IMC Games, a Korean video game developer, started using Smartcat for localizing their games a year ago. We asked Inês Gonçalves, the company’s localization manager, to explain why they picked Smartcat and how they use it in their daily workflow.
Customer & challenge
Inês Gonçalves, Localization Manager at IMC Games
IMC Games is a software development team whose most famous games are the award-winning Granado Espada and the more recent, “cute”-styled Tree of Savior. Formed in 2003, the company usually has its games published by external publishers. In 2016, the team started self-publishing some of its titles on Steam and decided to adopt an internal localization process for those. As the volume of already-translated and soon-to-be-translated content was pretty hefty by then, finding a fitting solution was no easy task.

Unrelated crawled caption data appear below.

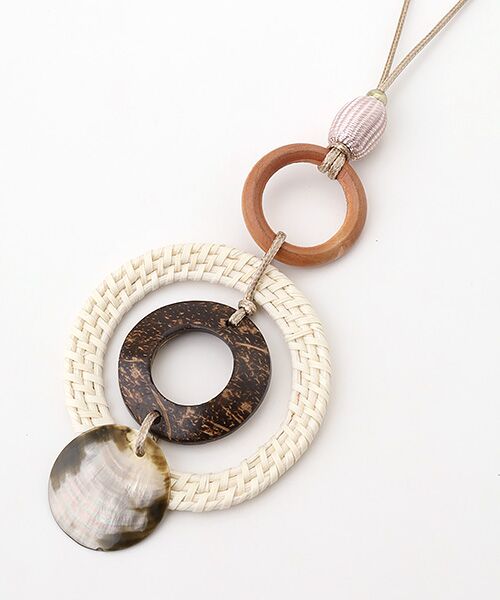 TABASA / タバサ ネックレス・ペンダント・チョーカー | ☆ラタンサークル×木の実ネックレス | 詳細2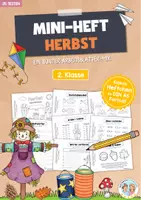 Vorschau - Arbeitsblätter - Mini-Heftchen: Herbst - 2. Klasse (25 Arbeitsblätter) - Deckblatt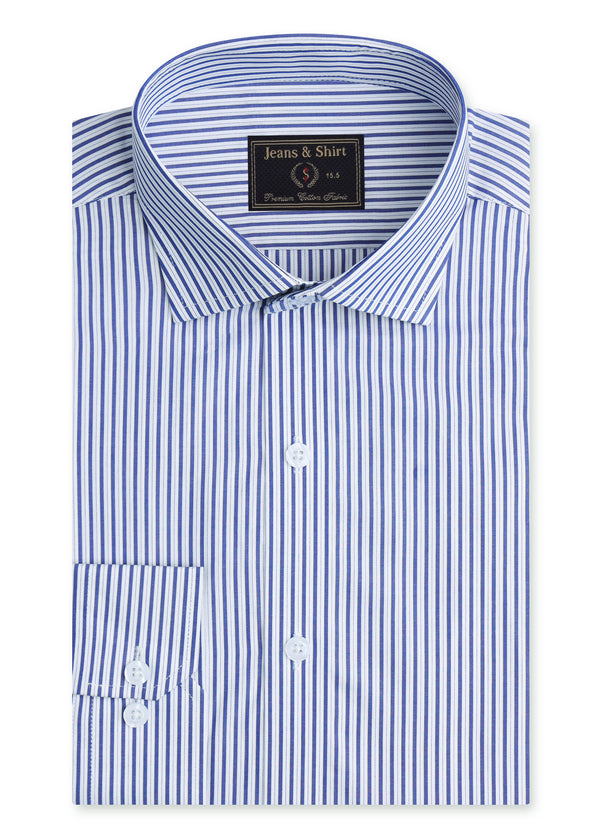 Navy Blue Stripe Formal Shirts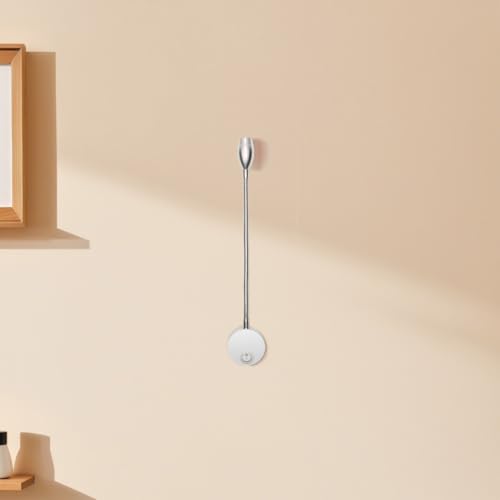 Lámpara de lectura LED flexible en plata cepillada de diseño moderno 5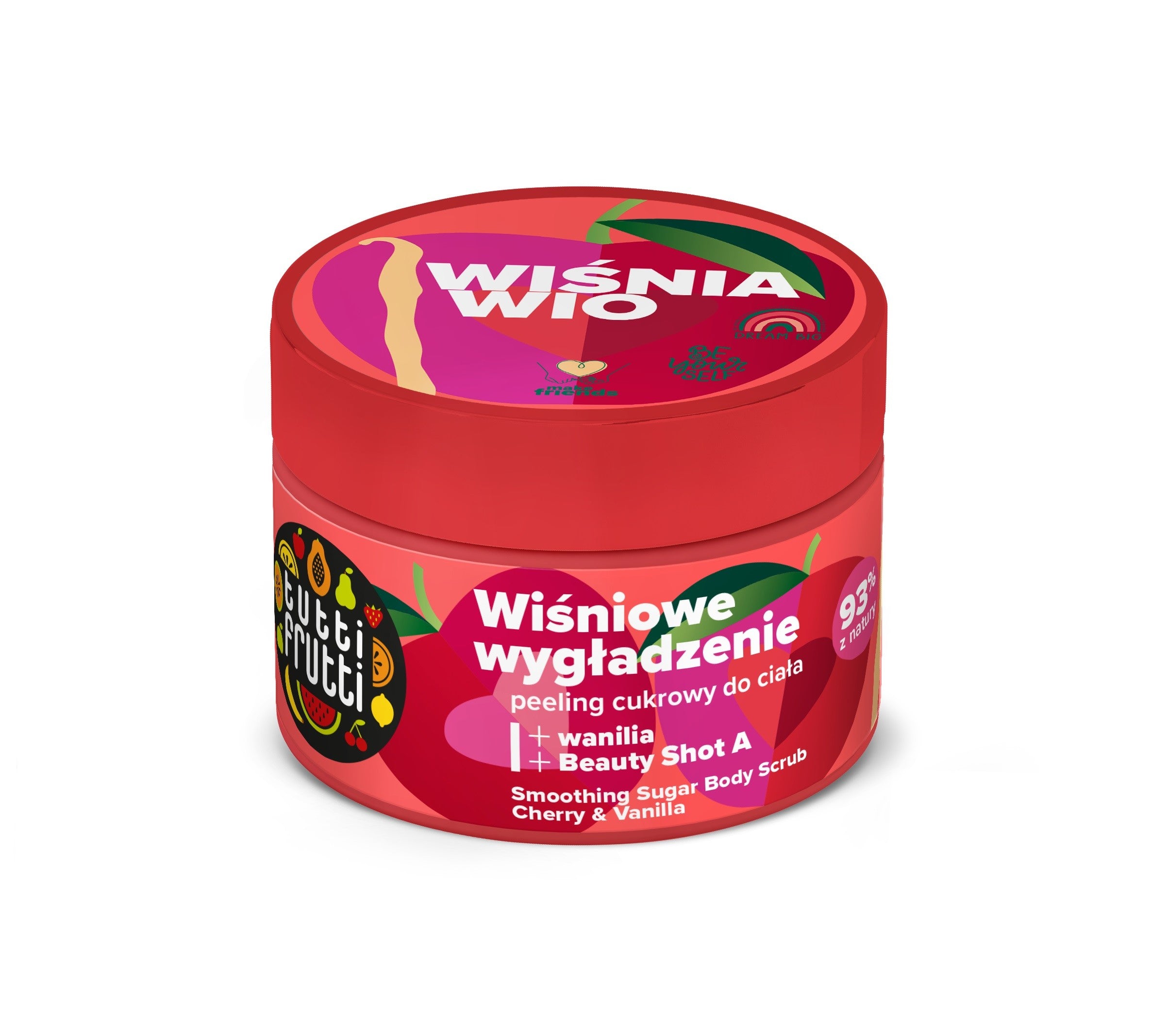 FARMONA TUTTI FRUTTI Peeling 300ml Cherry and Vanilla | Vaistine1.lt | WestPharmacy.eu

The team finally opted for Smartcat, and has since been localizing their two most popular MMORPGs on the platform. Here’s why.
1. Unlimited storage
Smartcat does not limit the number of projects or TMs one can have in a free account, which makes transition to it smooth and painless:
“We were localizing two MMORPGs which had a lot of text to process, so we needed a CAT tool that could handle large projects and very extensive TMs,” says Inês Gonçalves, localization specialist at IMC Games. “The fact that Smartcat allowed us to have that for free was a big factor in deciding to use it for our translations.”
2. Any number of users
Neither does Smartcat limit the number of users in account: Thanks to the no-seats policy, you can invite as many users to your account as you need, which is handy for in-house localization teams.
“We always have 2–3 people working on localization in-house, with more members added when needed,” says Inês. “Sometimes, if the content that needs to be localized ends up being too much for our intended deadline, we will work with a translation agency to deal with some of the burden.”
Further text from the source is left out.